The Widows', Orphans' and Old Age Contributory Pensions Act 1936 (26 Geo. 5 & 1 Edw. 8. c. 33) was an act of the Parliament of the United Kingdom that consolidated enactments related to widows', orphans' and old age contributory pensions in Great Britain.

== Provisions ==
=== Repealed enactments ===
Section 45 of the act repealed 10 enactments, listed in the fifth schedule to the act.

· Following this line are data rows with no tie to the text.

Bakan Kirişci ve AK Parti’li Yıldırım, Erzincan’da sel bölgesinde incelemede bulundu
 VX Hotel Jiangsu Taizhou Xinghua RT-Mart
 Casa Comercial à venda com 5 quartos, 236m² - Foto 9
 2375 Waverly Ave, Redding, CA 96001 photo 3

| Citation | Short title | Extent of repeal |
|---|---|---|
| 15 & 16 Geo. 5. c. 70 | Widows', Orphans' and Old Age Contributory Pensions Act 1925 | The whole act, except paragraph (b) of subsection (2) of section nine, section thirteen, subsection (5) of section fourteen, other than the proviso to that subsection, subsection (6) of section fifteen, sections thirty-seven and thirty-eight, subsection (b) of section forty-five, and the Fourth Schedule. |
| 20 Geo. 5. c. 10 | Widows', Orphans' and Old Age Contributory Pensions Act 1929 | The whole act, except subsection (4) of section three, subsections (1) and (2) of section nine, section twenty-one, and section twenty-five. |
| 20 & 21 Geo. 5. c. 37 | Adoption of Children (Scotland) Act 1930 | In subsection (2) of section five the words "Widows', Orphans' and Old Age Contributory Pensions Acts, 1925 and 1929, and", and the proviso to that subsection. |
| 21 & 22 Geo. 5. c. 19 | Widows', Orphans' and Old Age Contributory Pensions Act 1931 | The whole act. |
| 21 & 22 Geo. 5. c. 31 | Adoption of Children (Scotland) Act 1931 | The whole act. |
| SR&O 1931/813 | National Economy (National Health Insurance) Order 1931 | Article three. |
| 22 & 23 Geo. 5. c. 52 | National Health Insurance and Contributory Pensions Act 1932 | Section ten. |
| 23 & 24 Geo. 5. c. 33 | Metropolitan Police Act 1933 | Subsection (3) of section four, so far as that subsection relates to widows', orphans' and old age contributory pensions; paragraph 2 of the Schedule. |
| 24 & 25 Geo. 5. c. 29 | Unemployment Assistance Act 1934 | Section forty-nine. |
| 25 & 26 Geo. 5. c. 44 | National Health Insurance and Contributory Pensions Act 1935 | Sections sixteen to twenty-one; section twenty-three, except subsections (1), (2) and (3); section twenty-four; the Second Schedule. |

== Subsequent developments ==
The whole act was repealed by section 65(1) of, and the ninth schedule to, the National Insurance Act 1946 (9 & 10 Geo. 6. c. 67), which came into force on 5 July 1948.